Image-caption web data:
========================

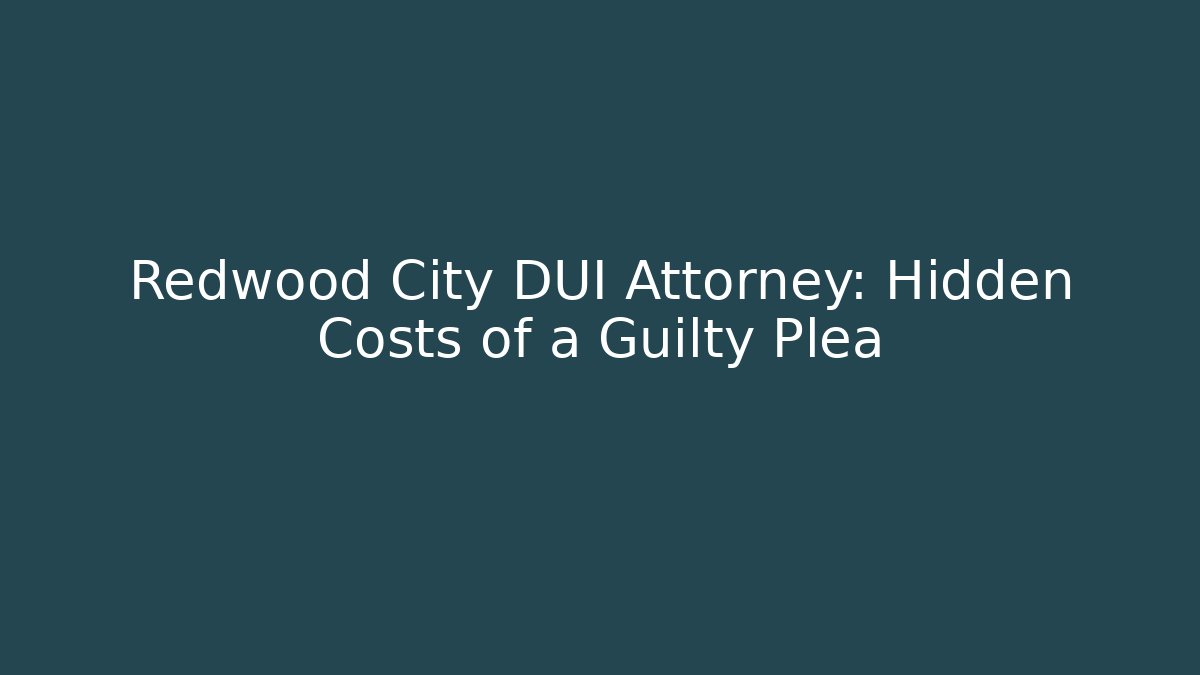 Redwood City DUI Attorney: Hidden Costs of a Guilty Plea
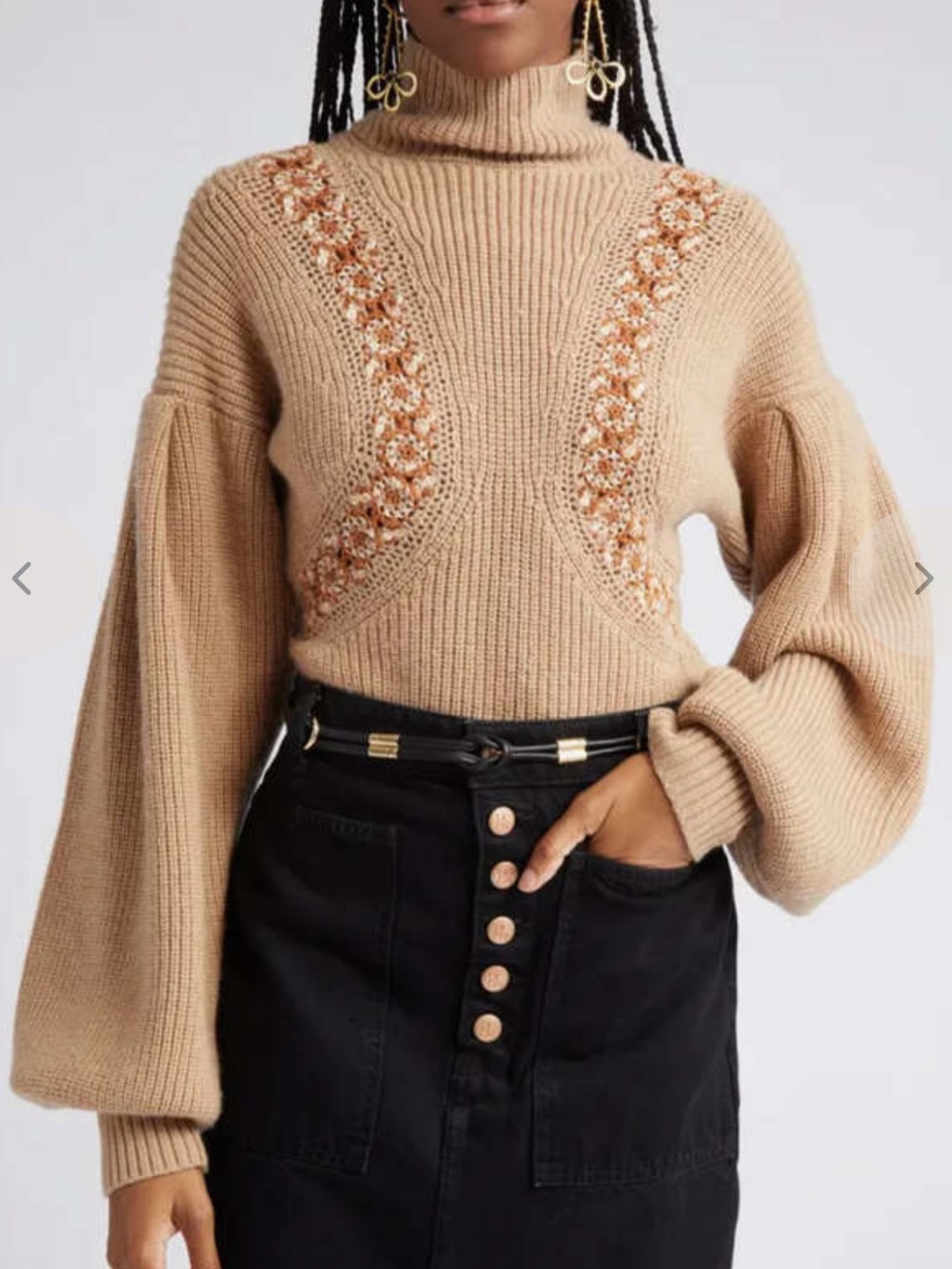 Ulla Johnson Crochet Detail Merino Camel Turtleneck Sweater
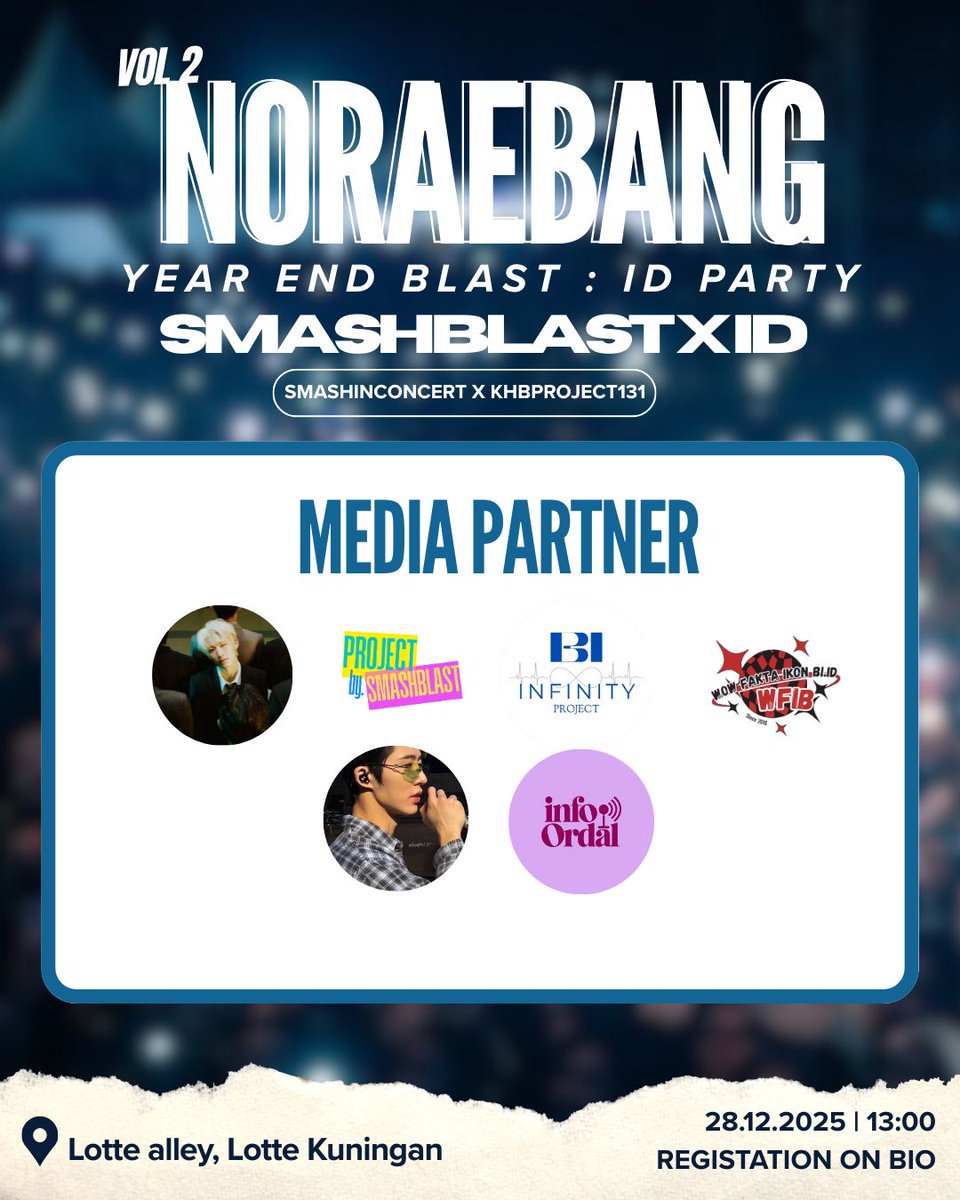binfinity131's tweet image. 🎤 NORAEBANG VOL. 2
✨ YEAR END BLAST : ID PARTY ✨
Smashblast x ID

Buat akhir tahun kalian berbeda yuk! Kita seru-seruan bareng bersama teman-teman ID dan smashblast dengan nyanyi sepuasnya lagu-lagu B.I, SMASH, dan K-Pop popular lainnya 🎶🔥
Sing together, scream together, and…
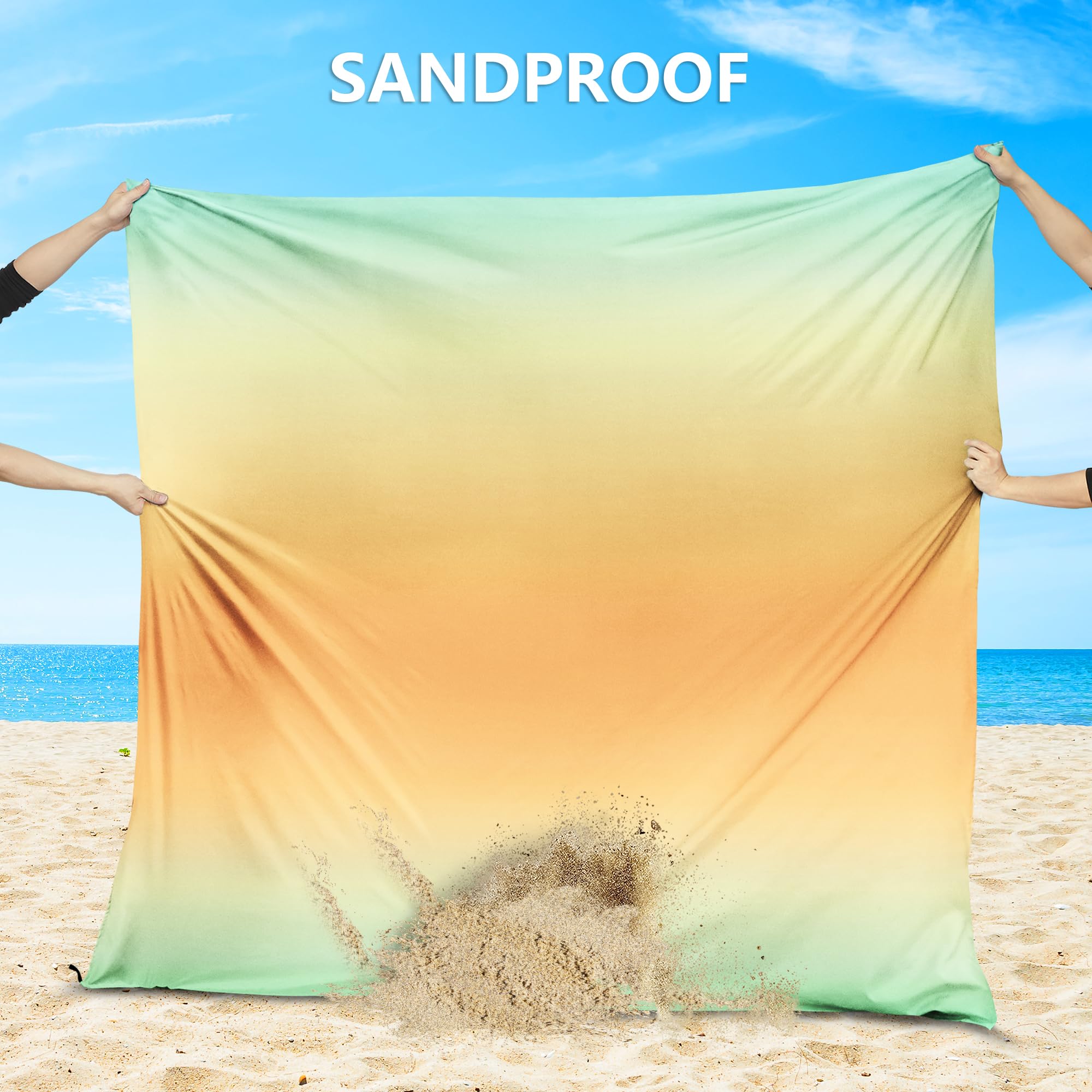 AISPARKY beach mat corner pockets stabilize surface in wind.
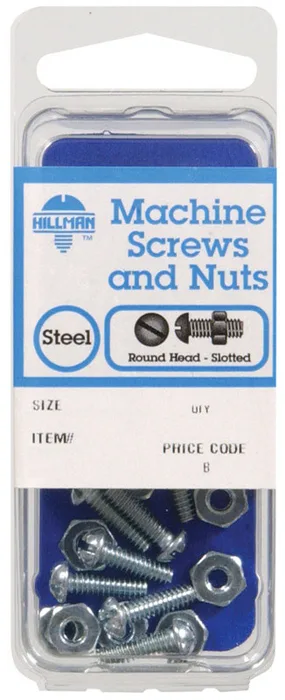 HILLMAN No. 10-24 in. X 2 in. L Slotted Round Head Zinc-Plated Steel Machine Screws 1 pk (Pack of 10)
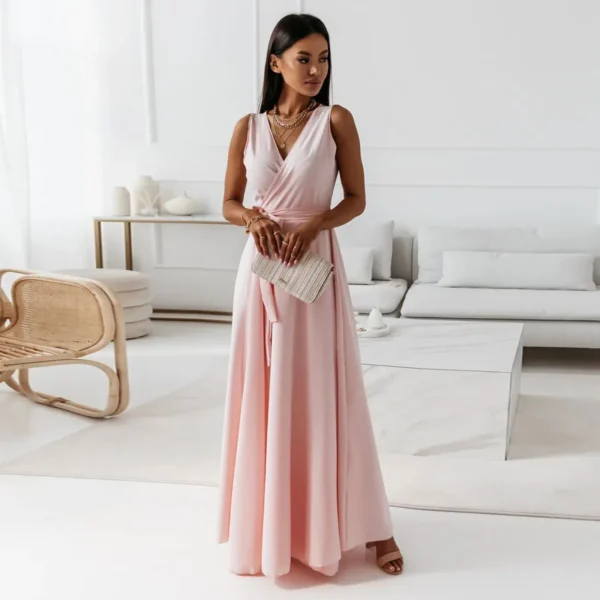 Robe de cocktail rose poudre élégante : Amélia – Image 2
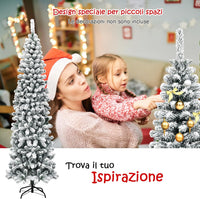 Albero di Natale Innevato 140/180/225 cm, Albero di Natale Artificiale Slim con 242/500/641 Rami Realistici e Folti e Base Pieghevole di Metallo, Apertura a Ombrello (225 cm)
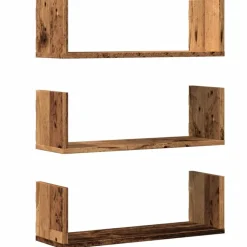 Boekenkasten & Wandplanken*vidaXL Wandschappen 3 st 58x18x18 cm bewerkt hout kleurig Oud hout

========================

Task brief: Copy out every line of the data above, taking care to leave the pictures out.

Solution to this exercise:
 Redwood City DUI Attorney: Hidden Costs of a Guilty Plea
 Ulla Johnson Crochet Detail Merino Camel Turtleneck Sweater
binfinity131's tweet image. 🎤 NORAEBANG VOL. 2
✨ YEAR END BLAST : ID PARTY ✨
Smashblast x ID

Buat akhir tahun kalian berbeda yuk! Kita seru-seruan bareng bersama teman-teman ID dan smashblast dengan nyanyi sepuasnya lagu-lagu B.I, SMASH, dan K-Pop popular lainnya 🎶🔥
Sing together, scream together, and…
 AISPARKY beach mat corner pockets stabilize surface in wind.
 HILLMAN No. 10-24 in. X 2 in. L Slotted Round Head Zinc-Plated Steel Machine Screws 1 pk (Pack of 10)
 Robe de cocktail rose poudre élégante : Amélia – Image 2
 Albero di Natale Innevato 140/180/225 cm, Albero di Natale Artificiale Slim con 242/500/641 Rami Realistici e Folti e Base Pieghevole di Metallo, Apertura a Ombrello (225 cm)
 Boekenkasten & Wandplanken*vidaXL Wandschappen 3 st 58x18x18 cm bewerkt hout kleurig Oud hout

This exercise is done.